YOUR OBJECTIVE:
Return every record verbatim, omitting all pictures.

EXTRACTED INFORMATION:
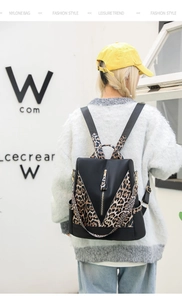 Détail des bretelles à imprimé léopard et du tissu en nylon sur un sac à dos noir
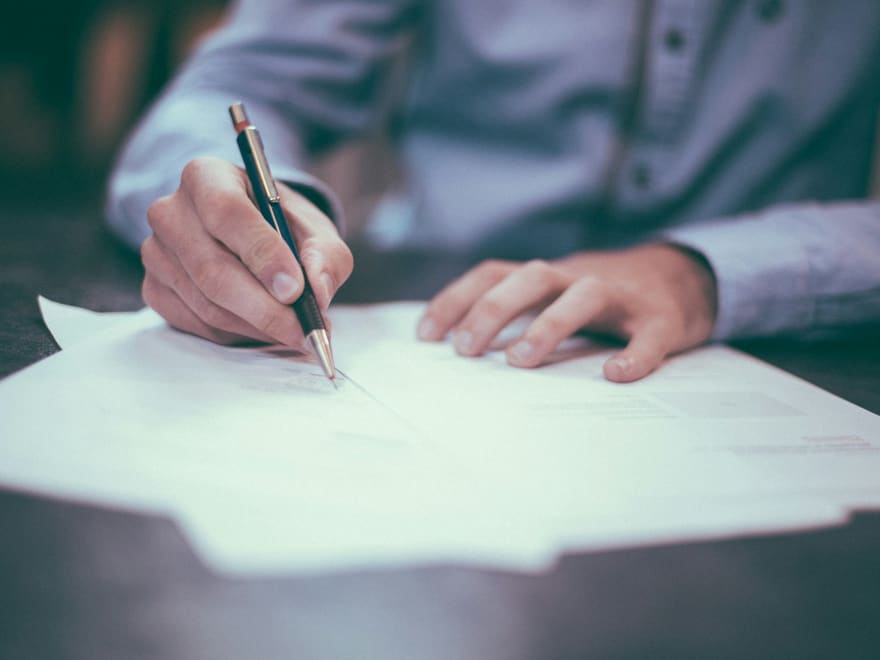 Mãos assinando um documento sobre uma mesa de trabalho.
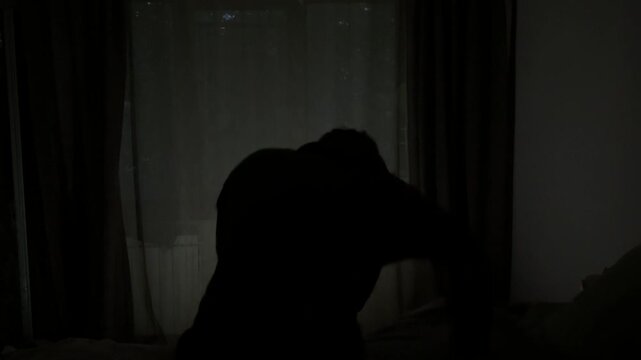 Angry man sitting on a bed in a dark room aggressively hitting a pillow in frustration.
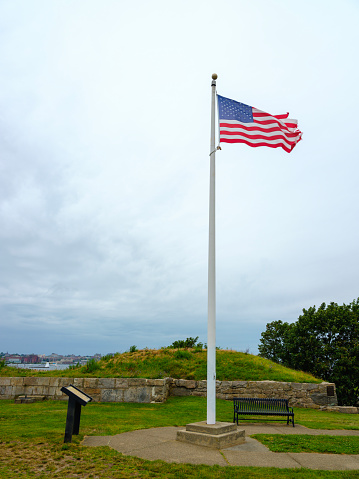 American flag waving in the memorial park in Providence, Rhodes Island at Fort Taber Park in New Bedford,  Massachusetts, USA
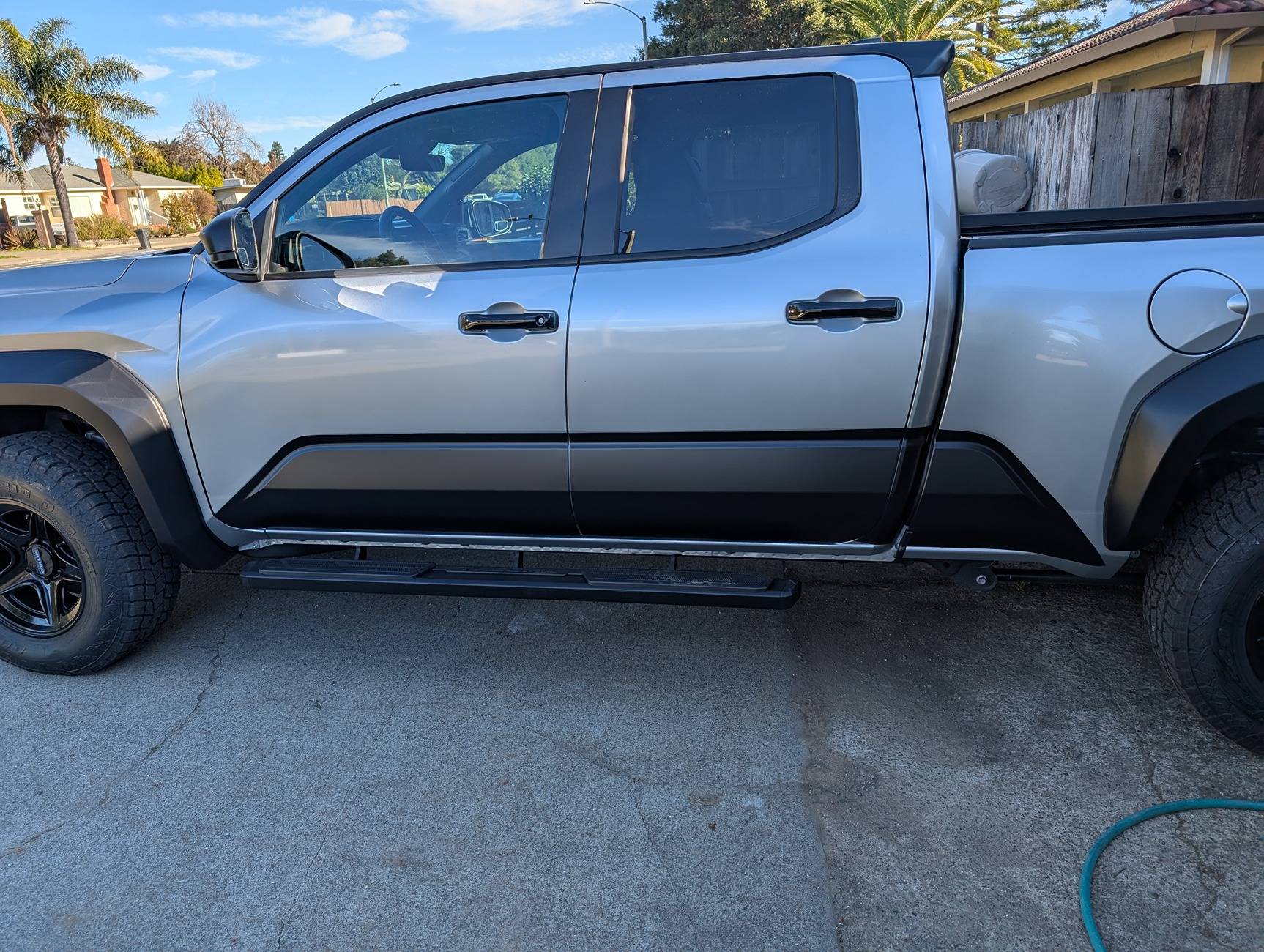 2024 Tacoma Gloss black mirror covers and door handle covers installed PXL_20250114_222453344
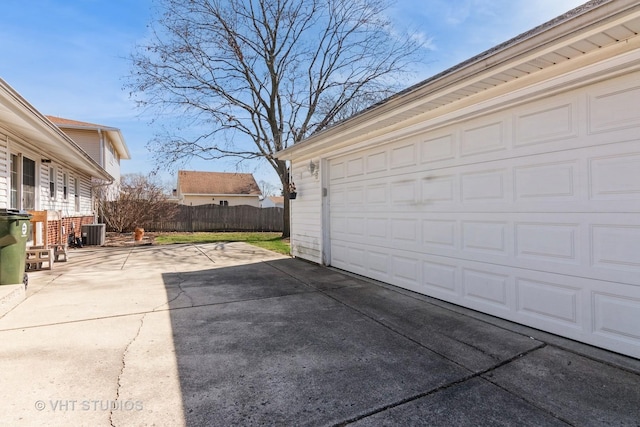 garage featuring concrete driveway, central air condition unit, and fence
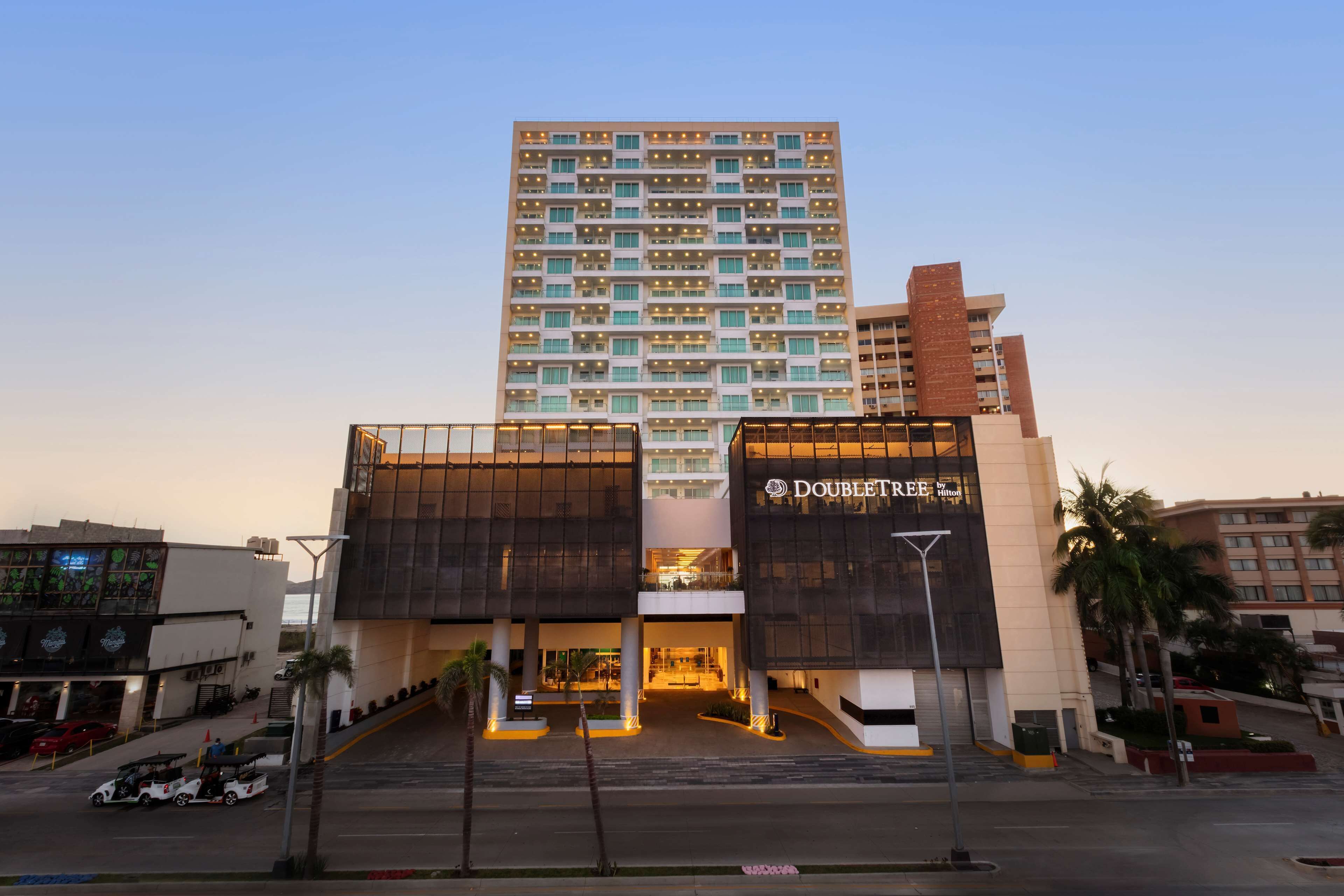 A hotel with a modern design, featuring a prominent entrance and multiple floors.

ANSWER TO THE PROBLEM:
 Détail des bretelles à imprimé léopard et du tissu en nylon sur un sac à dos noir
 Mãos assinando um documento sobre uma mesa de trabalho.
 Angry man sitting on a bed in a dark room aggressively hitting a pillow in frustration.
 American flag waving in the memorial park in Providence, Rhodes Island at Fort Taber Park in New Bedford,  Massachusetts, USA
 2024 Tacoma Gloss black mirror covers and door handle covers installed PXL_20250114_222453344
 garage featuring concrete driveway, central air condition unit, and fence
 A hotel with a modern design, featuring a prominent entrance and multiple floors.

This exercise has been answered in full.